A systematic literature review takes a team of five researchers up to a year to complete. The output is a static document that may already be partially outdated by the time it is incorporated into an HTA dossier or regulatory submission. For HEOR teams under pressure to submit faster, cover broader evidence bases, and satisfy increasingly specific HTA body documentation requirements, the SLR bottleneck is a direct constraint on market access timelines.[1]
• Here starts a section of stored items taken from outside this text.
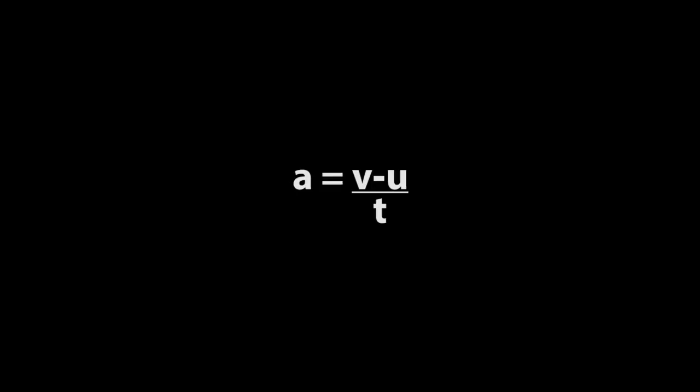After we got the ticker tape, we are going to calculate the acceleration from this ticker tape. The formula of the acceleration is A equals V minus U over T.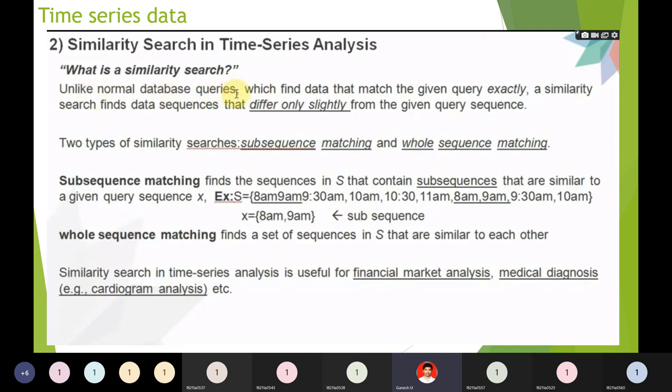The second topic is similarity search. Unlike normal database queries where data matches a given query exactly, here we find data sequences that differ only slightly from the given query sequences. For example, if you give a time sequence 8, 8:30, 9, 9:40, a sequence like 8, 8:35, 9:05, 9:40 with slight modifications is also acceptable — that is similarity search.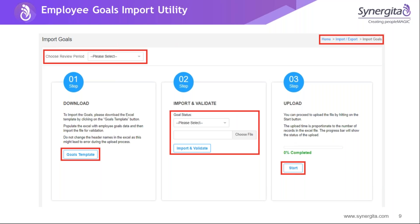So for importing goals, you basically define the goals in the organization and the same can be imported in an Excel file. Once the template is ready, input the goals against each employee and save the file. You need to choose the respective review period and then do the validation. The system will perform business validation and show the status. If it is okay, you can proceed to the third step for uploading the data. If you need more explanation, we can arrange a separate training — raise a support ticket and we can take it forward on the goals.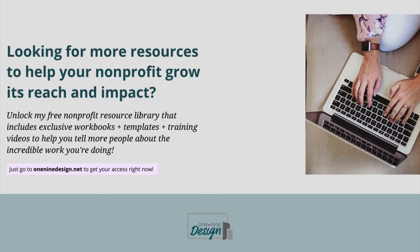Are you looking for more resources to help your nonprofit grow its reach and impact? Unlock my free nonprofit resource library that includes exclusive workbooks, templates and training videos to help you tell more people about the incredible work you're doing.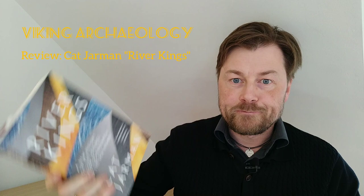This one, River Kings, written by Kat Jarman. This is a book which is really a delight to read and one which I think many people with an interest in Viking archaeology will enjoy reading.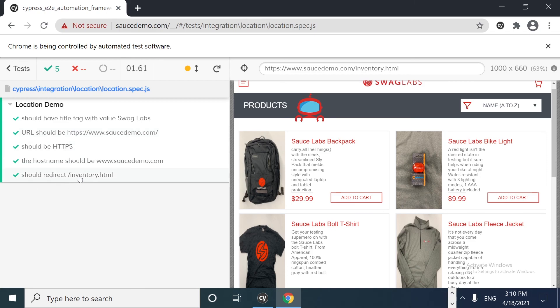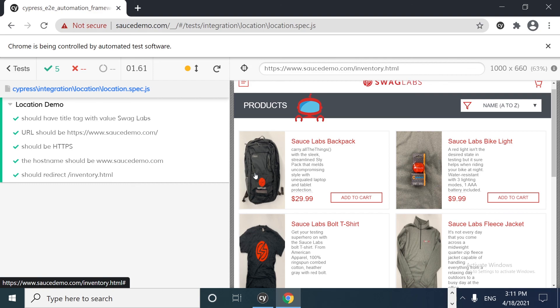Our test suite is pretty solid now — we've validated the title tag, the full URL, the HTTPS protocol, the hostname, and the inventory path after login. We still have to learn more about selectors, so please subscribe because there's a demo in the next video. Let me know in the comments if you liked this video. Thank you very much for watching — this was Joan Media, see you in the next one, bye bye!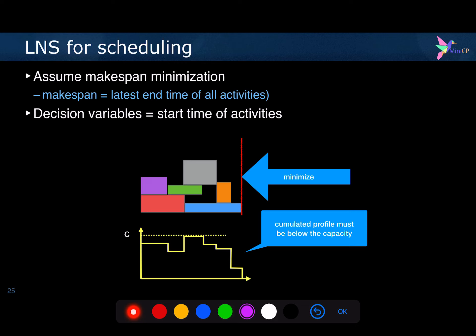We have seen a few weeks ago large neighborhood search. Large neighborhood search was a technique to do a hybridization between local search and constraint programming. The idea is that we would have a kind of for loop that would iteratively relax a part of the problem, which consists of fixing the decision variables to the value they have in the current best solution, and then re-optimize with a bunch of decision variables that have been relaxed, meaning their domains have been restored as they were in the declaration of the problem.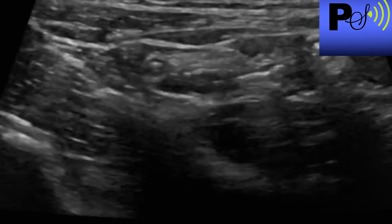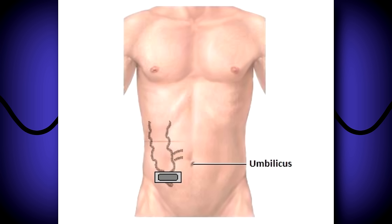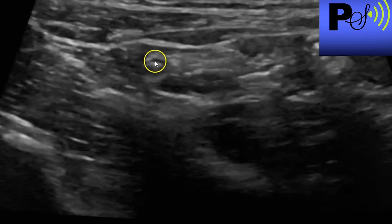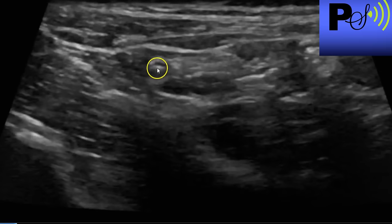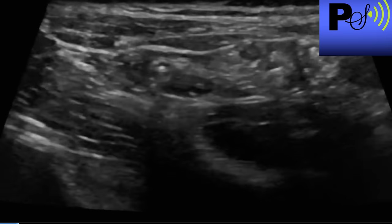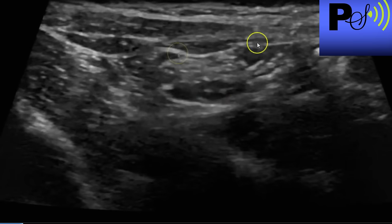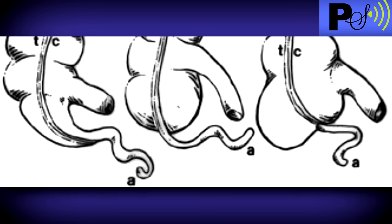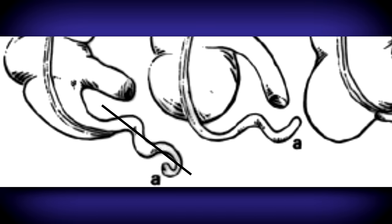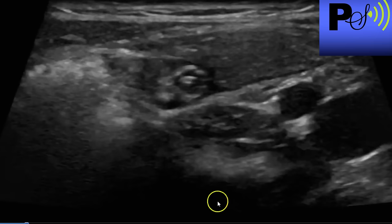Scan a little bit down and then right here, just below the cecum, you have the appendix. As you can see, this is the appendix right here — these three circles, that's the appendix. And there it is again.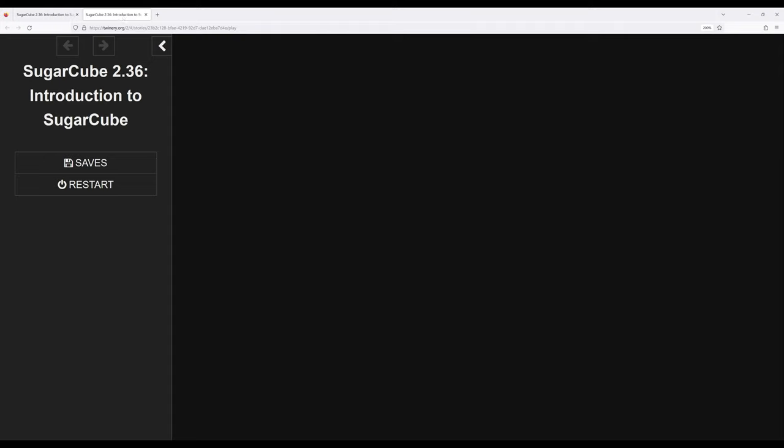And again, when we make a build, we have the sidebar with its additional options of going forward, going back, and as I mentioned, saves and restart.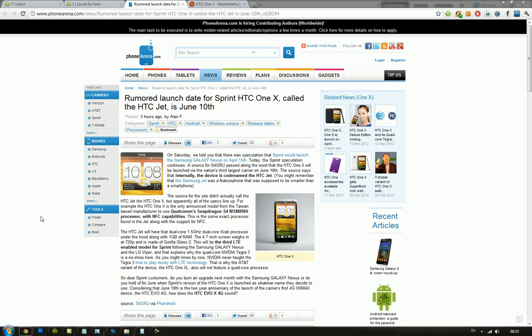June the 10th is the date, but we're probably going to see the Galaxy S3 on that carrier as well. If you're an HTC fan and want to have the latest from them, then the One X is probably going to be something for you because it comes with this 720p display.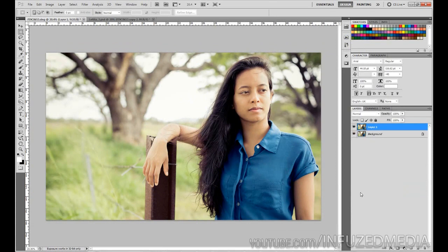The first thing we're going to do is duplicate our background layer by pressing Ctrl+J. This is so we always have our original background layer there and we don't need to touch that.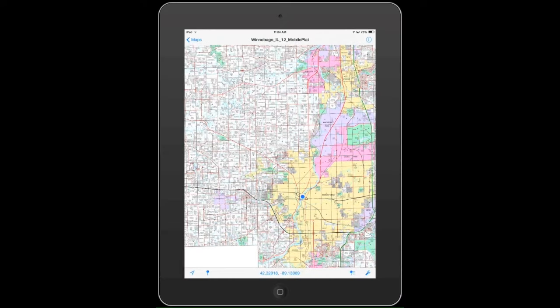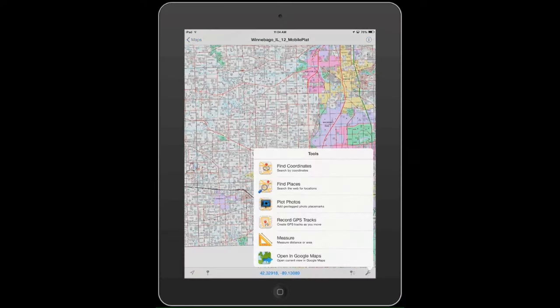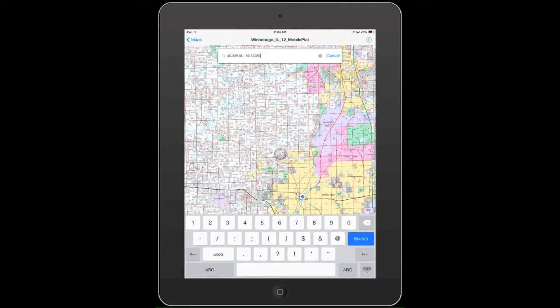Open your maps in the PDF Maps app. Open the Tools menu by tapping the blue wrench in the bottom right hand corner of your screen and choose Find Coordinates. Enter the coordinates you are searching for and it will locate them on the map.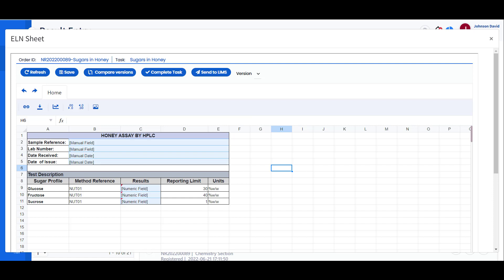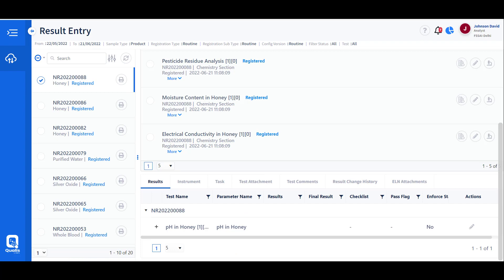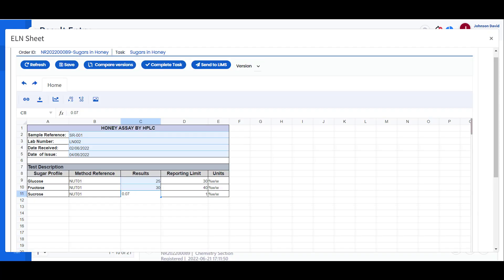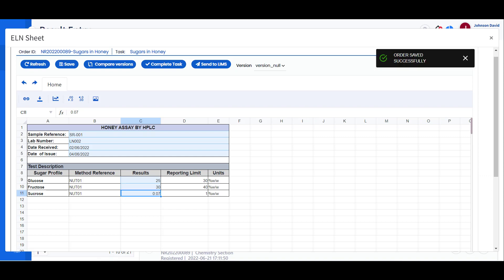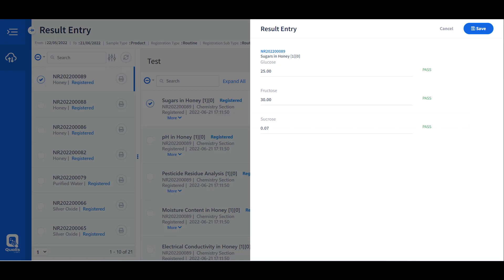The instrument interface pulls results directly from the instrument and saves them in the result entry screen. Once results are captured, the analyst reviews and checks them, and then the results are saved and sent for the next review and approval process. The user can also access the test data sheet to capture results per the defined format. The test data sheet performs predefined calculations when raw data is inserted, and final results are calculated and passed along to the LIMS sample record.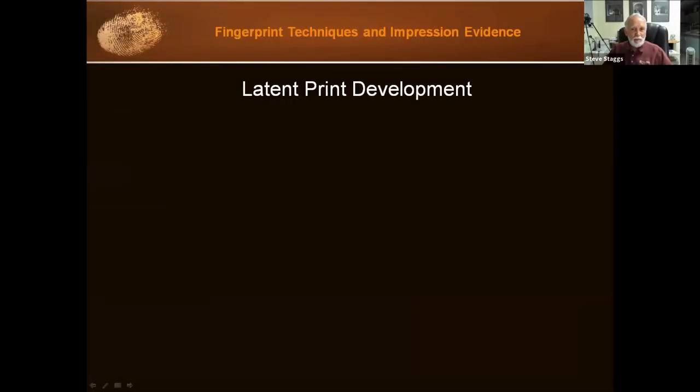Latent print development — this is actually making the print appear.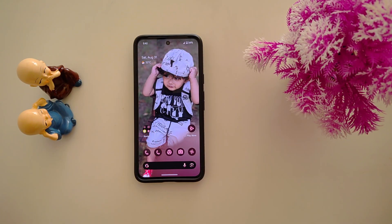How to use the Quick Tap feature on a Pixel 9 Pro XL and other Pixel series devices to quickly access any function or app.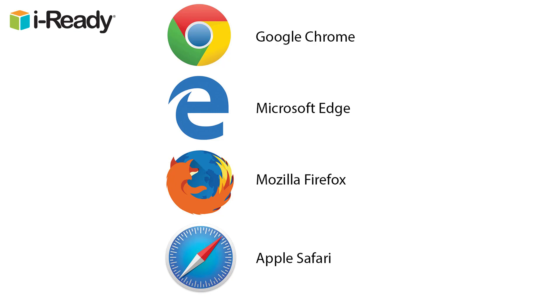You might recognize which browser you commonly use simply by comparing the logo with the icon you click to access the internet. If not, you can use the iReady system check to be sure what browser and version you are currently using.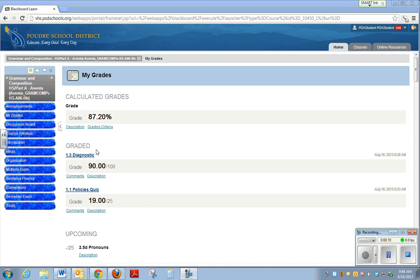Under the graded section, you can see there's two assignments that have been graded and the student has completed. Let's go ahead and click on comments under this diagnostic assignment.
A pragmatic review published in Frontiers in Pharmacology in 2025 examined 25 studies on AI automation in evidence synthesis. In 17 of those studies, researchers observed a time reduction greater than 50%, with five to six-fold decreases in abstract review time in the most efficient deployments. [1] ISPOR CEO Rob Abbott, commenting on the 2026 to 2027 Top 10 HEOR Trends report where AI ranked number one, noted that AI can perform systematic literature reviews in a fraction of the time. [2] But the critical question for HEOR and regulatory teams is not whether AI is faster. It is whether AI-generated SLRs meet PRISMA compliance standards and can withstand HTA audit scrutiny. Pienomial's KnolAI, as an AI research platform built for life sciences, is designed to answer yes to both questions.[9]
PRISMA 2020, the Preferred Reporting Items for Systematic reviews and Meta-Analyses updated statement published in 2021, is the international evidence synthesis reporting standard accepted by NICE, G-BA, ICER, Cochrane, and major peer-reviewed journals. It provides a 27-item checklist covering every stage of an SLR from protocol registration to results reporting.[4]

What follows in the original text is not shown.